DEARBORN, Mich. -- In one of the largest credit union dividends ever, the $1.8 billion DFCU Financial will distribute $17.5 million to its members in January 2007.
The credit union went through a bruising attempt to become a mutual bank this year and part of the hangover from that attempt has been a court fight over whether the credit union has to hold a special meeting at which some or all of its board could be recalled.
The next court date is Dec. 15, and the members group that opposed the conversion, DFCU Owners United, saw the dividend as a cynical move to soften up the members who might, should the CU lose the court fight, soon be asked to vote whether or not to recall board members.
"Yeah, like how much would you pay to make us go away," said Margaret Blohm, one of the organizers of DFCU Owners United, which is a plaintiff in the suit. "Would $17 million be enough? I don't know."
Dr. Robert Chapman, chairman of the CU's board of directors, gave credit for the dividend firmly to the CU's current leadership.
"Over the last six years since DFCU's new leadership has been in place, we've been able to save millions of dollars each year by operating the credit union much more efficiently. It's because of this cost savings and the loyalty of our 160,000 members that we are now able to issue this special patronage dividend," explained Chapman.

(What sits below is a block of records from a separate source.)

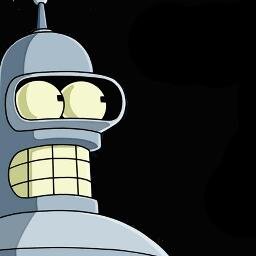 Reverse Engineering, Malware Analysis, Windows Internals, PE | Malware Researcher at @PaloAltoNtwks | Tweets are my own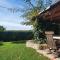 Luanas rooms with istrian touch
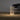 Carousel Floor Lamp By Pablo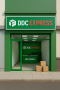 แฟรนไชส์ขนส่งกับเทรนด์ Green Logistics: ร้าน DDC EXPRESS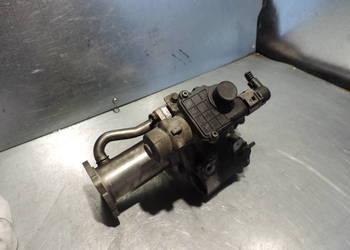 ZAWÓR EGR RENAULT MEGANE II 2 1.5 dci 8200282949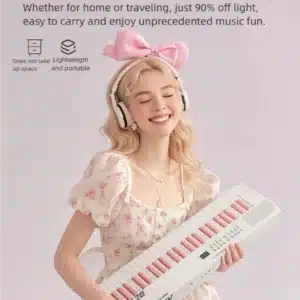 dan piano dien betsy b151 7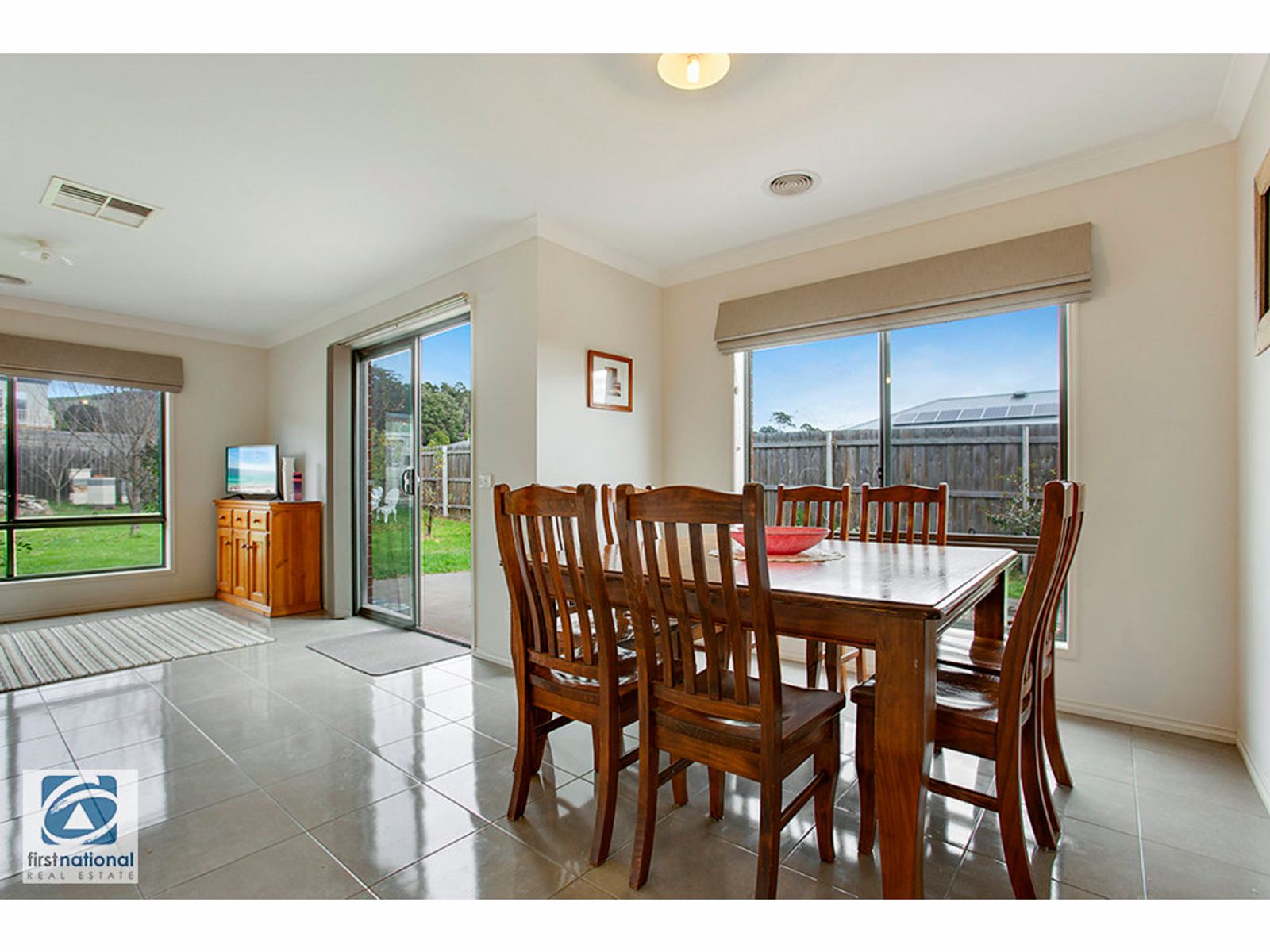 22 Red Gum Avenue, Trafalgar, VIC 3824, Trafalgar - Thumbnail 5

"Given our challenging economy, the fact that DFCU Financial is able to issue a dividend, build new branches, introduce payment- and interest-free loans through the Career Transition program, and still be financially strong and well-capitalized, is testament to how well run the credit union is under the current leadership," he added.
The CU announced that the dividend would be calculated as 0.5% of members' savings and loan balances, but that all members would get at least $50. The money would be deposited in members' accounts during the week of Jan. 8, 2007.
The CU did not return calls seeking comments about the dividend as of press time.